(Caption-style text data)

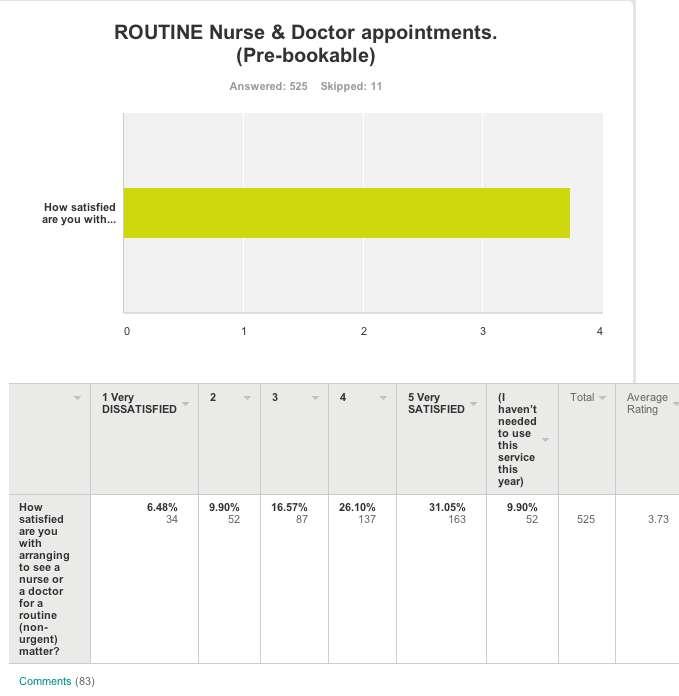Question 7 Satisfaction with pre-bookable Routine Access to Clinical Care How satisfied are you with arranging to see a nurse or a doctor for a routine (non-urgent) matter?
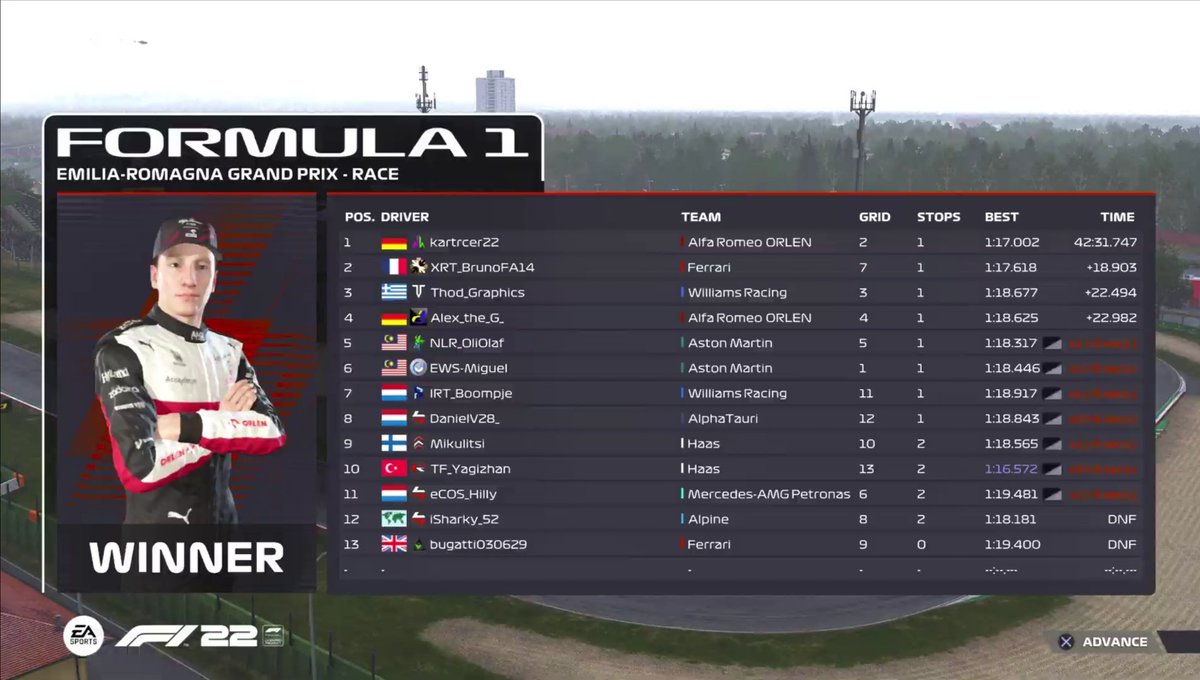 F122FrenchStats's tweet photo. Encore 1 super semaine pour nos pilotes francophones avec 3 podiums de la F1 à F8 
DNF. @FVR_Nam93 et @Fvr_Romaninho en F1
🥈 @Nando_Jr__ en F2
DNF. @TRDE_Morard en F3
13. @SHZ_Simon en F4
8. @N1co_F1 en F6
🥈 @Bruno_FA14 en F7
🥇 @Las_iZenox en F8 https://t.co/uYGvM59Y1e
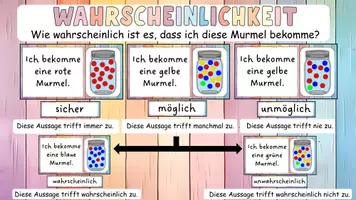 Vorschau - Präsentationen/Tafelbilder - Wahrscheinlichkeit - Tafelbild plus Tafelmaterial - Mathematik 2. / 3. Klasse - Seite 2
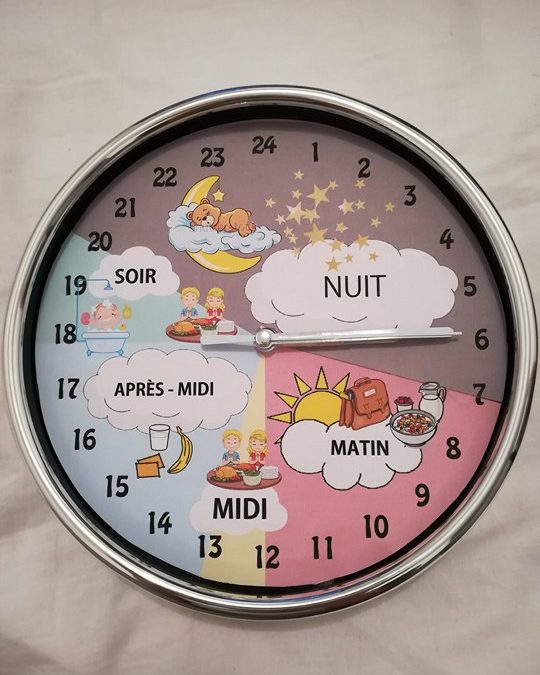 La notion de temps chez les enfants, voici une horloge magique…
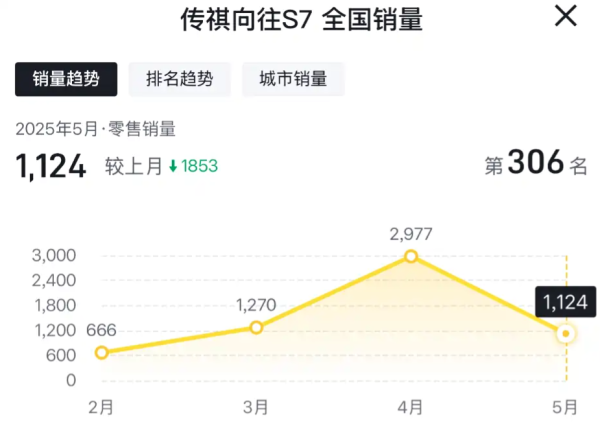 配资资讯门户网 向往S7五月销量暴跌62%，高开低走暴露传统车企转型痛点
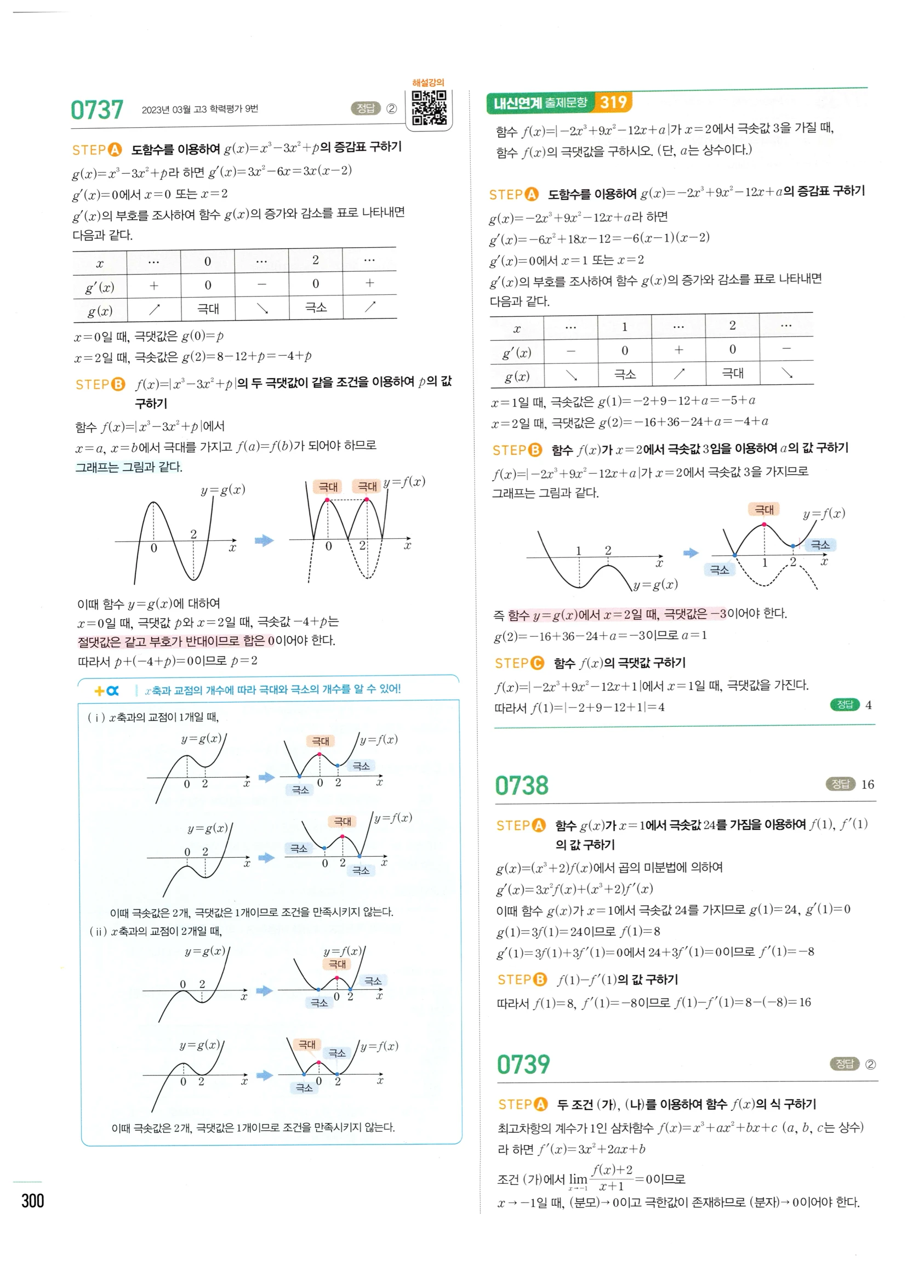 2026 마플시너지 미적분1 Ⅱ-03 함수의 극대 극소와 그래프 답지 해설 300쪽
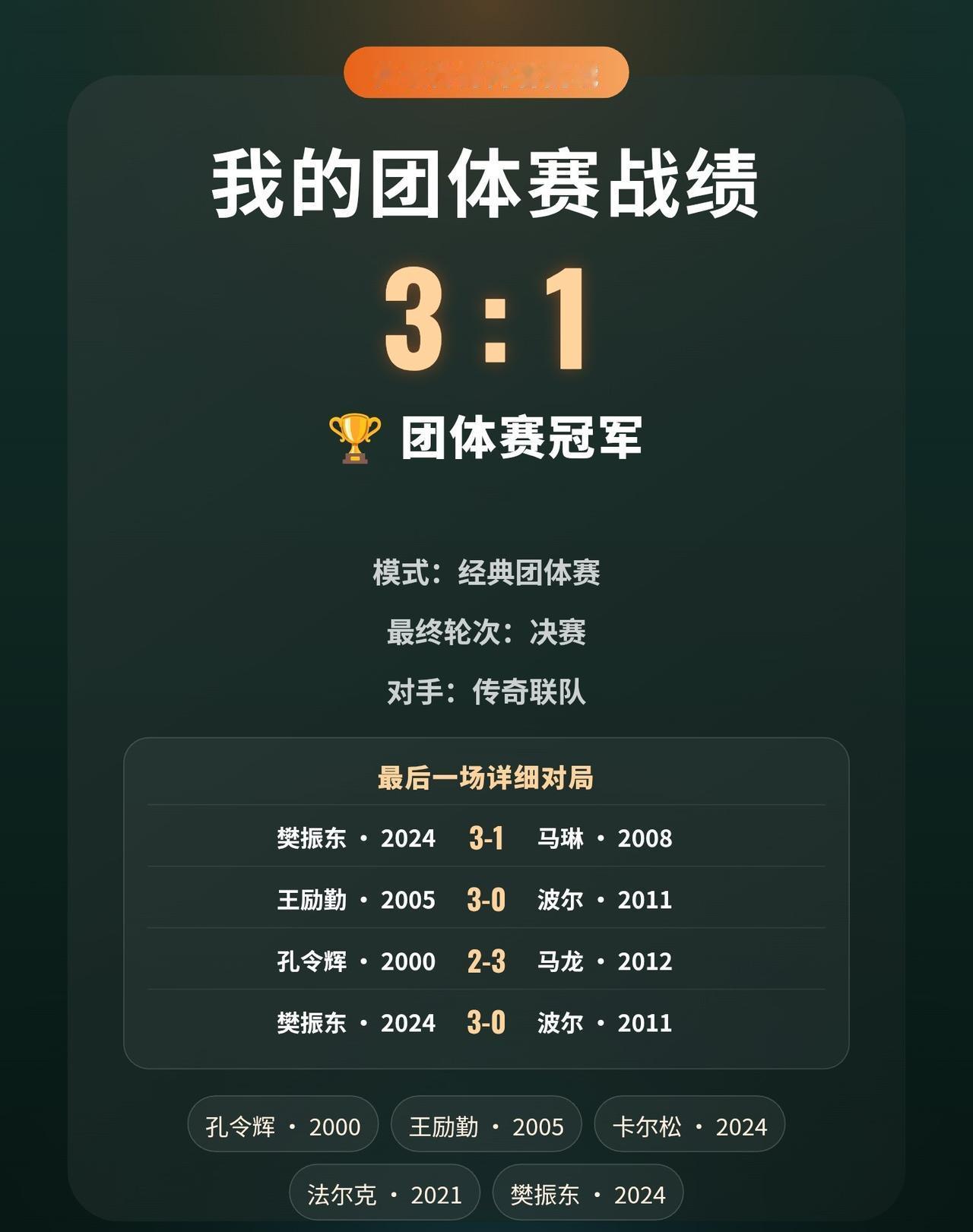 我用3张传说卡拿下冠军
樊振东两场单打全部获胜，扛起全队进攻。
最后以3:1拿下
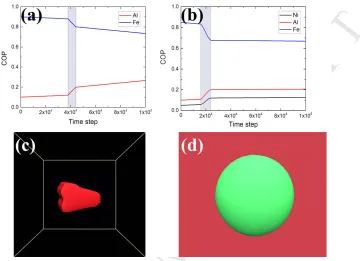 Figure 2: (a) Variation of the COP in the Fe-Al system with ageing timeMANUSCRIPT250245ACCEPTEDCOP in the Fe-Al-Ni system with ageing time t∗total elastic strain energygion were computed (Fig.3c)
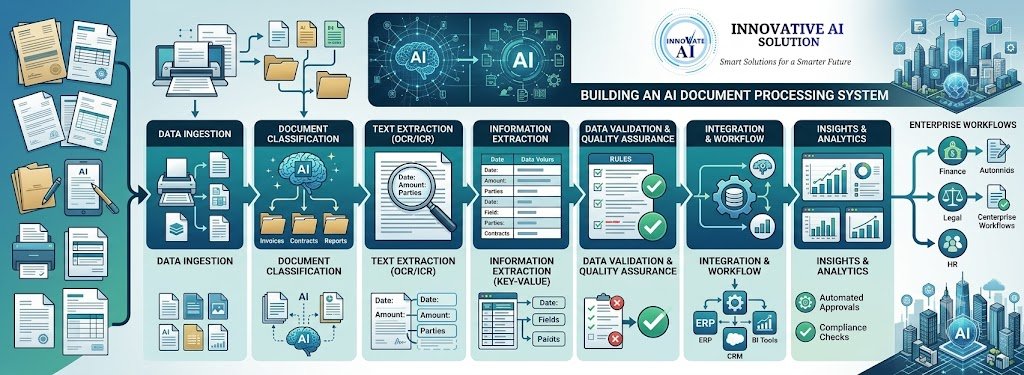 How to Build an AI Document Processing System for Enterprise Workflows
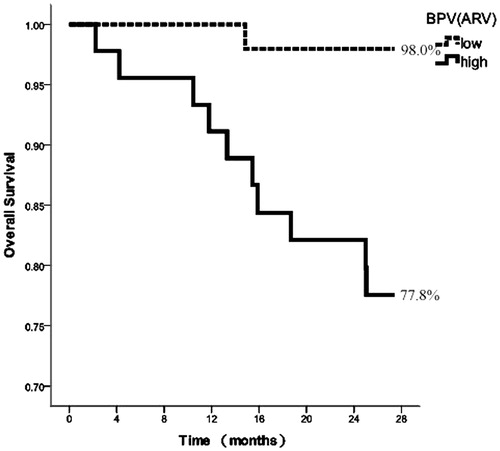 Figure 3. Kaplan–Meier survival curves for cardiovascular mortality according to median of ARV.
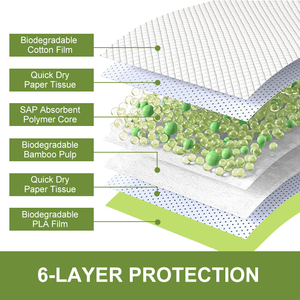 Lynpet fabrika 60x90 cm 60g çevre dostu biyobozunur PLA pamuk yüksek emici tek köpek Pet köpek tuvalet pedi İdrar eğitim pedleri - Product Image 2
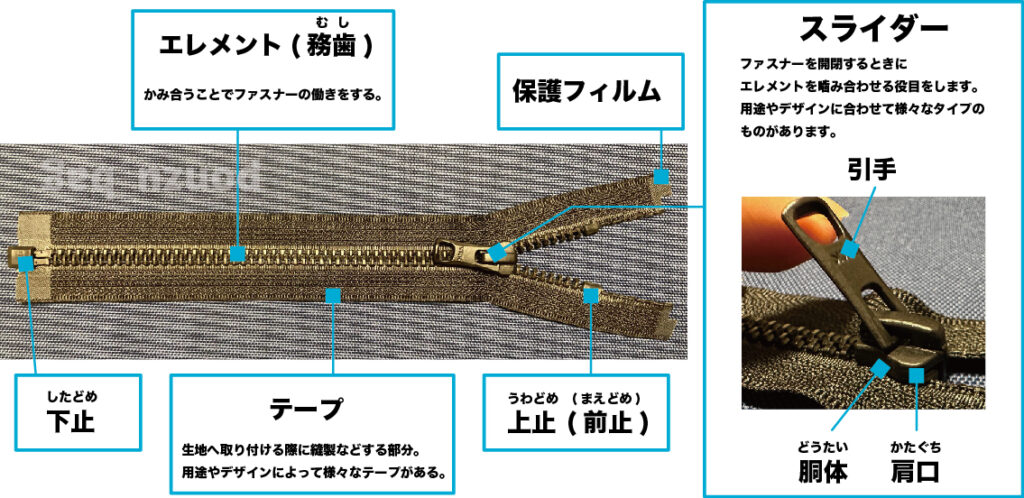 ファスナーの各部名称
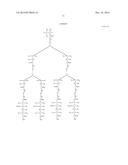 DENDRITIC POLYMER, DENDRITIC POLYMER MONOMER, AND HYPERBRANCHED COPOLYMER diagram and image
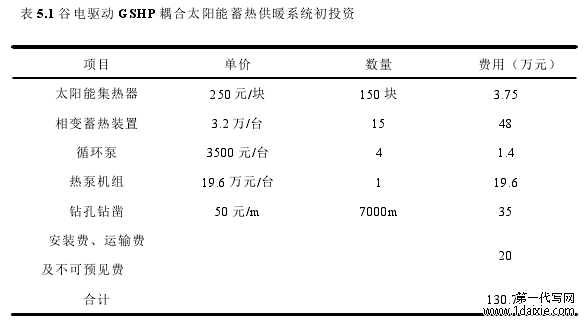 表 5.1 谷电驱动 GSHP 耦合太阳能蓄热供暖系统初投资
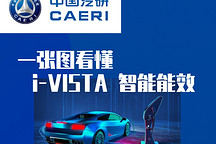 一张图看懂 i-VISTA 智能能效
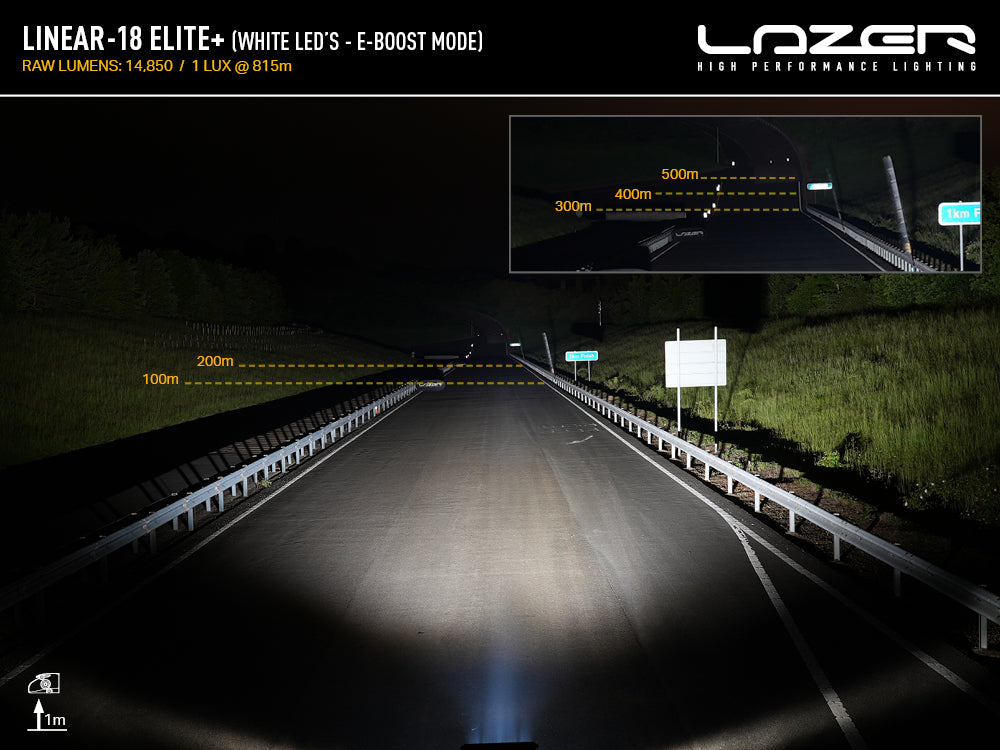 LAZER LAMPS LINEAR 18 ELITE+
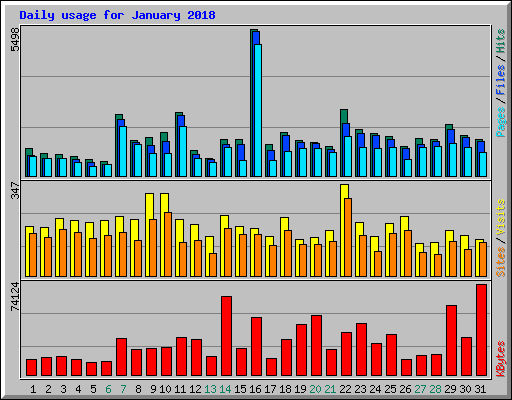 Daily usage for January 2018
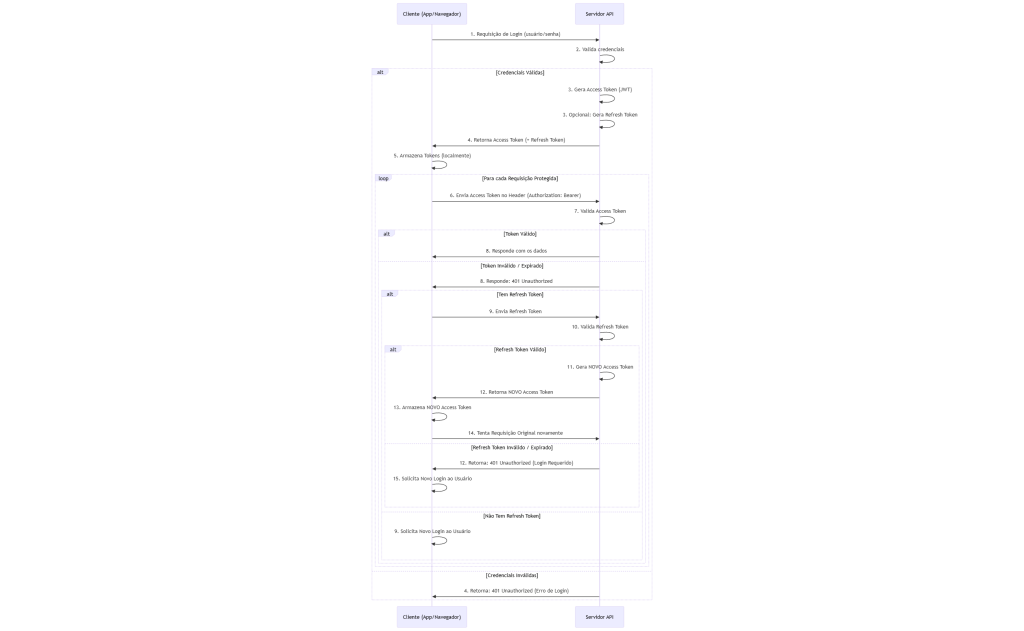 Token de autenticação fluxo de dados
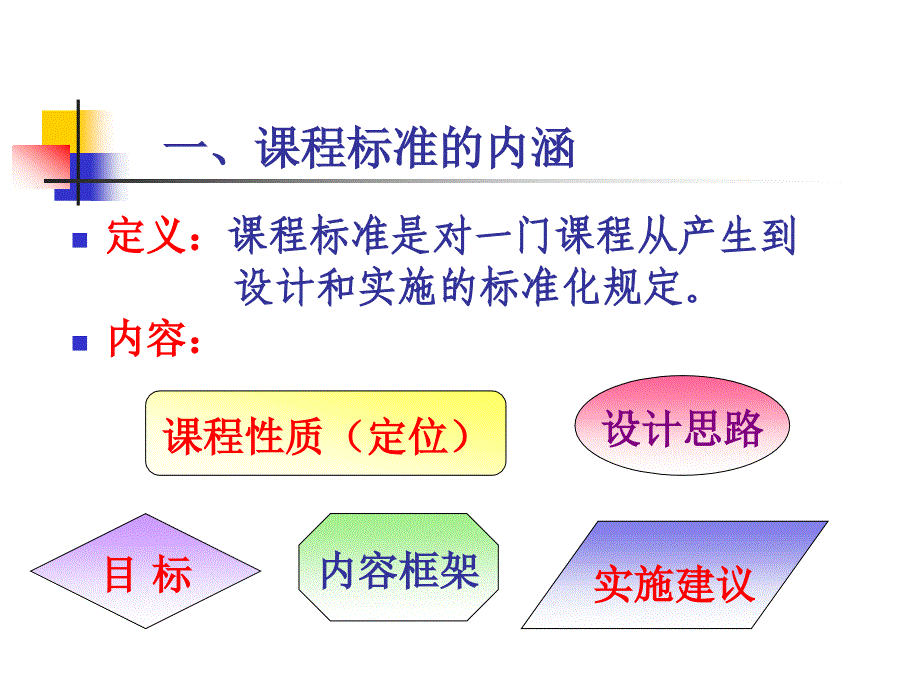 《课程标准》编制说明.ppt_第2页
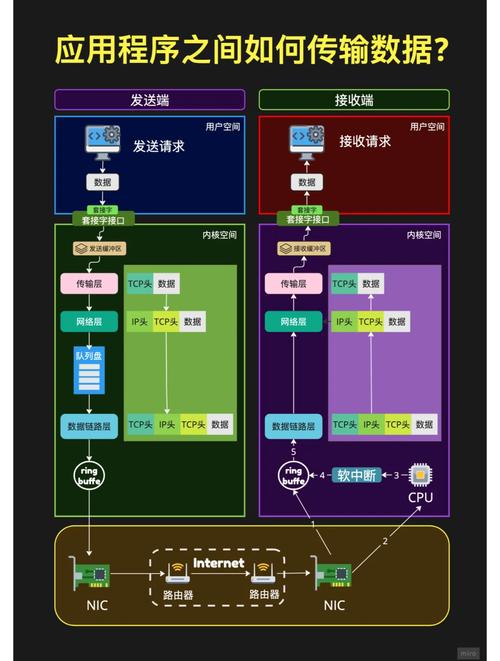 Android与服务器如何高效安全传输数据?-图1 Android与服务器如何高效安全传输数据?-图1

• [WHAT THE EXERCISE ASKS] Set every entry down again exactly as written, and omit the images.

• [WORKED SOLUTION]
Question 7 Satisfaction with pre-bookable Routine Access to Clinical Care How satisfied are you with arranging to see a nurse or a doctor for a routine (non-urgent) matter?
 F122FrenchStats's tweet photo. Encore 1 super semaine pour nos pilotes francophones avec 3 podiums de la F1 à F8 
DNF. @FVR_Nam93 et @Fvr_Romaninho en F1
🥈 @Nando_Jr__ en F2
DNF. @TRDE_Morard en F3
13. @SHZ_Simon en F4
8. @N1co_F1 en F6
🥈 @Bruno_FA14 en F7
🥇 @Las_iZenox en F8 https://t.co/uYGvM59Y1e
 Vorschau - Präsentationen/Tafelbilder - Wahrscheinlichkeit - Tafelbild plus Tafelmaterial - Mathematik 2. / 3. Klasse - Seite 2
 La notion de temps chez les enfants, voici une horloge magique…
 配资资讯门户网 向往S7五月销量暴跌62%，高开低走暴露传统车企转型痛点
 2026 마플시너지 미적분1 Ⅱ-03 함수의 극대 극소와 그래프 답지 해설 300쪽
 我用3张传说卡拿下冠军
樊振东两场单打全部获胜，扛起全队进攻。
最后以3:1拿下
 Figure 2: (a) Variation of the COP in the Fe-Al system with ageing timeMANUSCRIPT250245ACCEPTEDCOP in the Fe-Al-Ni system with ageing time t∗total elastic strain energygion were computed (Fig.3c)
 How to Build an AI Document Processing System for Enterprise Workflows
 Figure 3. Kaplan–Meier survival curves for cardiovascular mortality according to median of ARV.
 Lynpet fabrika 60x90 cm 60g çevre dostu biyobozunur PLA pamuk yüksek emici tek köpek Pet köpek tuvalet pedi İdrar eğitim pedleri - Product Image 2
 ファスナーの各部名称
 DENDRITIC POLYMER, DENDRITIC POLYMER MONOMER, AND HYPERBRANCHED COPOLYMER diagram and image
 表 5.1 谷电驱动 GSHP 耦合太阳能蓄热供暖系统初投资
 一张图看懂 i-VISTA 智能能效
 LAZER LAMPS LINEAR 18 ELITE+
 Daily usage for January 2018
 Token de autenticação fluxo de dados
 《课程标准》编制说明.ppt_第2页
 Android与服务器如何高效安全传输数据?-图1 Android与服务器如何高效安全传输数据?-图1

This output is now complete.